Since bringing Ceredase, now Cere-zyme, to market, Genzyme has diversified its product lines in both biopharmaceuticals and medical devices as quickly as it has grown – by approximately thirty percent per year over its twenty-year history.

"The company has succeeded beyond our wildest dreams," Fleming says. Genzyme employs more than seven thousand people. Through the first nine months of 2004, revenues were about $1.6 billion. Two firms, Amgen and Genentech, are the giants of biotech, but Genzyme considers itself one of the top five such companies.

For the last two years, readers of Science magazine have named Genzyme a top employer in the global biotechnology and pharmaceutical fields. Survey respondents gave Genzyme the highest rating for social responsibility.

When he meets job candidates, Fleming interviews them "for the job responsibilities that they will have with Genzyme five years from now, in a company quite different from the one they seek to join today. Far too often I see candidates who have set artificial limits on themselves, either feeling that they don’t have the right qualifications or aren’t worthy of the opportunity. Meanwhile, I look for the hardworking, loyal, tenacious person who believes in herself or himself and who possesses potential."

Fleming has picked up a working knowledge of genetics and disease. But the biotechnology frontier is still vast. "What we’re learning is growing exponentially, but we also understand how much we don’t know."

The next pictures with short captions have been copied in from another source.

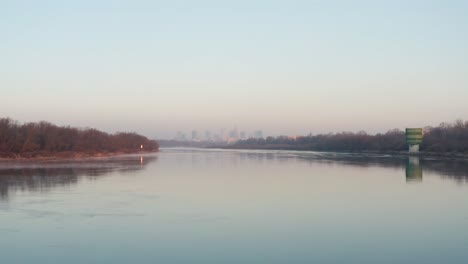 light mist over the vistula river in warsaw during sunrise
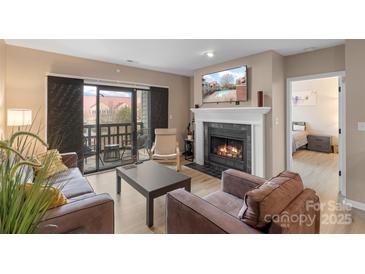 Cozy living room featuring a fireplace and sliding glass doors to a balcony with seating at 9029 J M Keynes Dr # 63, Charlotte, NC 28262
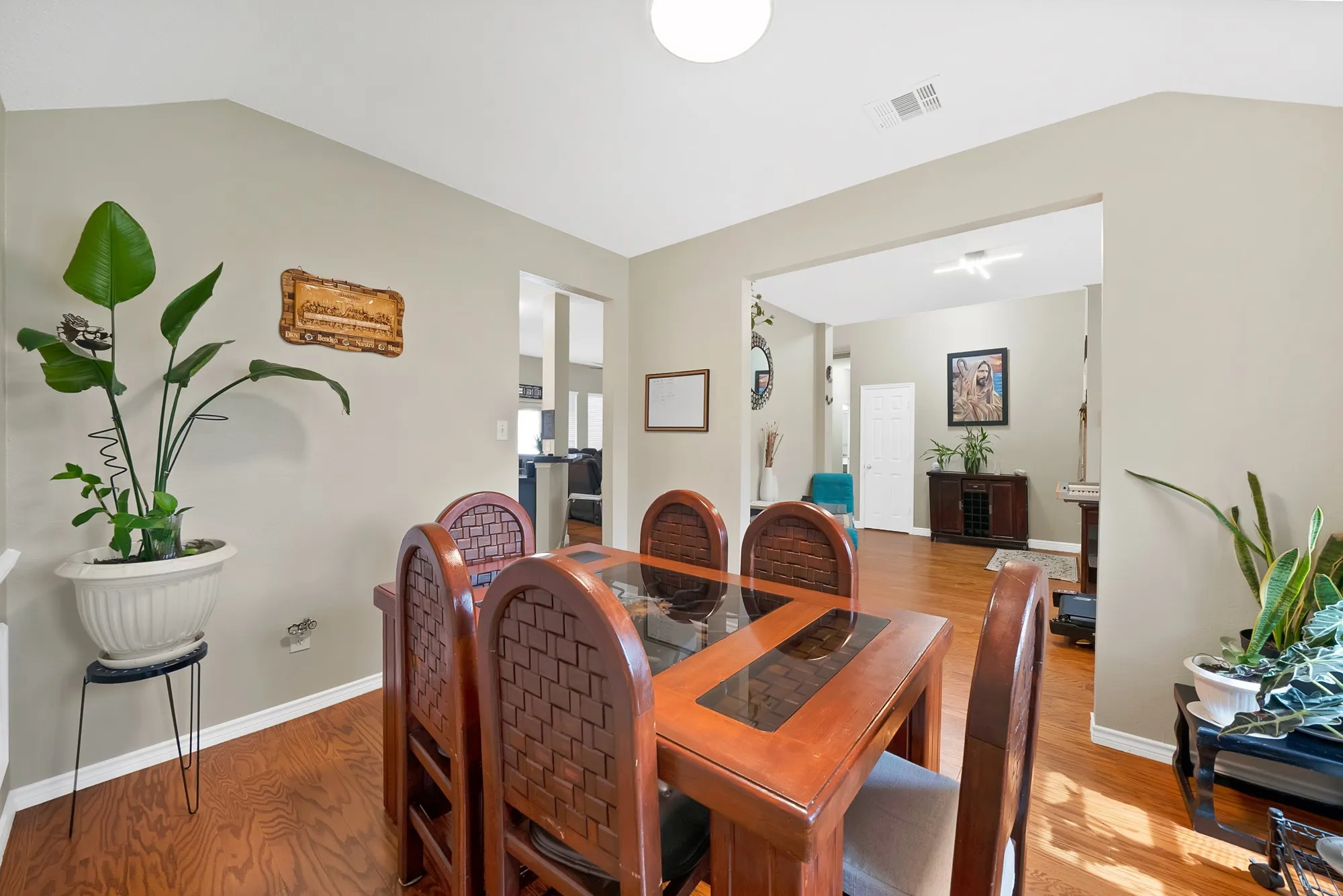 Dining space with lofted ceiling and wood finished floors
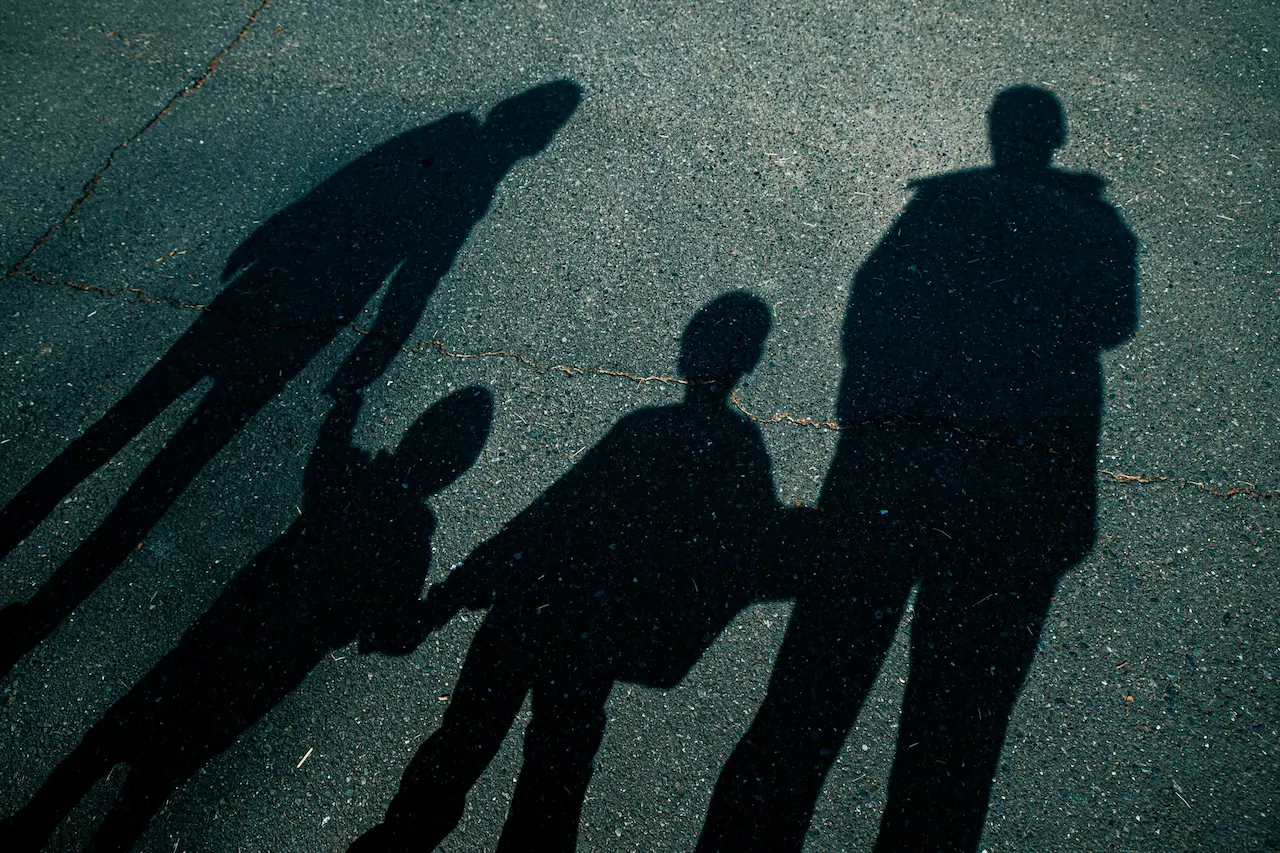 Shadow of a Family of Four on the Street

On the near horizon, Fleming is optimistic about fighting cancer and other diseases. "We have oncology vaccines in clinical trials. We’re working toward providing a hematologist or oncologist with a variety of treatments, so there isn’t one silver bullet but a combination of them. Chemotherapy will one day be complemented and eventually replaced by the body’s ability to let its immune system overcome cancer.

"We’re in a reactive mode (with treatments). What we’re moving toward is saying, here’s what you are predisposed to, these certain diseases or conditions. We’ll give you a vitamin pill and another pill that addresses those predispositions."

What about ethical issues, the politically and emotionally charged questions of genetic testing, stem-cell research, cloning?

"The answer is to have open, transparent dialogue about these issues," Fleming says. "Bring the best and brightest experts together to craft responsible, comprehensive guidelines. Our industry has a huge responsibility, and we must be very careful. The key thing is to act responsibly."

He still has his list of goals to pursue, from reforming public policy to bringing medicine to more needy families.

Which is why Fleming even agreed to tell his story. "Every time an article is written about Genzyme and Gaucher treatment, we get a flood of inquiries from parents or friends of children who have been diagnosed with or have the symptoms of Gaucher, Fabry, or MPS 1.

"We bring families hope, and patients the opportunity of a normal life."